007 literary meme: John F. Kennedy, author

John F. Kennedy statue in Fort Worth, Texas

In Chapter 7 of The Man With The Golden Gun (“Un-real Estate”), James Bond is relaxing in his room at the uncompleted Thunderbird Hotel in Jamaica.

He’s getting ready to have a bourbon. “The best drink in the day is just before the first one (the Red Stripe didn’t count),” Ian Fleming wrote.

Bond “took Profiles in Courage by Jack Kennedy out of his suitcase, happened to open it at Edmund G. Ross (“I…looked down into my open grave”)…”

When Fleming wrote the book in early 1964,” President John F. Kennedy had been dead only for a few months. Kennedy in 1961 had given U.S. sales of Fleming’s 007 novels a huge lift after listing From Russia With Love among his 10 favorite books.

Thus, it was appropriate that Bond is carrying around Kennedy’s book in the middle of a mission to eliminate Francisco Scaramanga.

Profiles in Courage was published in 1956 when Kennedy was a U.S. senator from Massachusetts. It discussed people who exhibited political courage.

In addition to Ross, a U.S. senator from Kansas in the 19th century, the book also had chapters on, among others, John Quincy Adams, Daniel Webster, Sam Houston and Robert A. Taft.

It wasn’t Kennedy’s first book. He wrote the 1940 book Why England Slept.

Profiles in Courage won a Pulitzer Prize in 1957 for biography. However, a controversy ensued after journalist Drew Pearson said in an interview with Mike Wallace in December 1957 that the book was ghostwritten.

“He’s the only man in history that I know who won a Pulitzer Prize for a book that was ghostwritten for him, which indicates the kind of a public relations buildup he has had,” Pearson told Wallace, according to a partial transcript of the interview in an excerpt of a 2005 Wallace autobiography on NBC News’s website.

The interview aired on ABC. Under a threat from the Kennedy family to file a libel suit, the network apologized.

“I was incensed that my employers had caved in to the Kennedys,” Wallace wrote in his memoir, Between You and Me.

In fact, major work on the book was performed by Kennedy assistant Theodore Sorensen.

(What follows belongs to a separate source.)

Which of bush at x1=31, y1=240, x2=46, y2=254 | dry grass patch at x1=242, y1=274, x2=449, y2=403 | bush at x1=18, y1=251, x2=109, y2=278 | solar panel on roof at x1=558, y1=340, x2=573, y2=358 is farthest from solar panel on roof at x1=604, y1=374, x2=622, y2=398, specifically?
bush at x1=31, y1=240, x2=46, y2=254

“It was no great secret that Mr. Sorensen’s intellect was an integral part of the book,” according to The New York Times’ 2010 obituary on Sorensen. “But Mr. Sorensen drafted most of the chapters, and Kennedy paid him for his work.“

“I’m proud to say I played an important role,” Sorensen said in an interview that was recorded to appear with the obituary. He became Kennedy’s speech writer after the latter took office as president.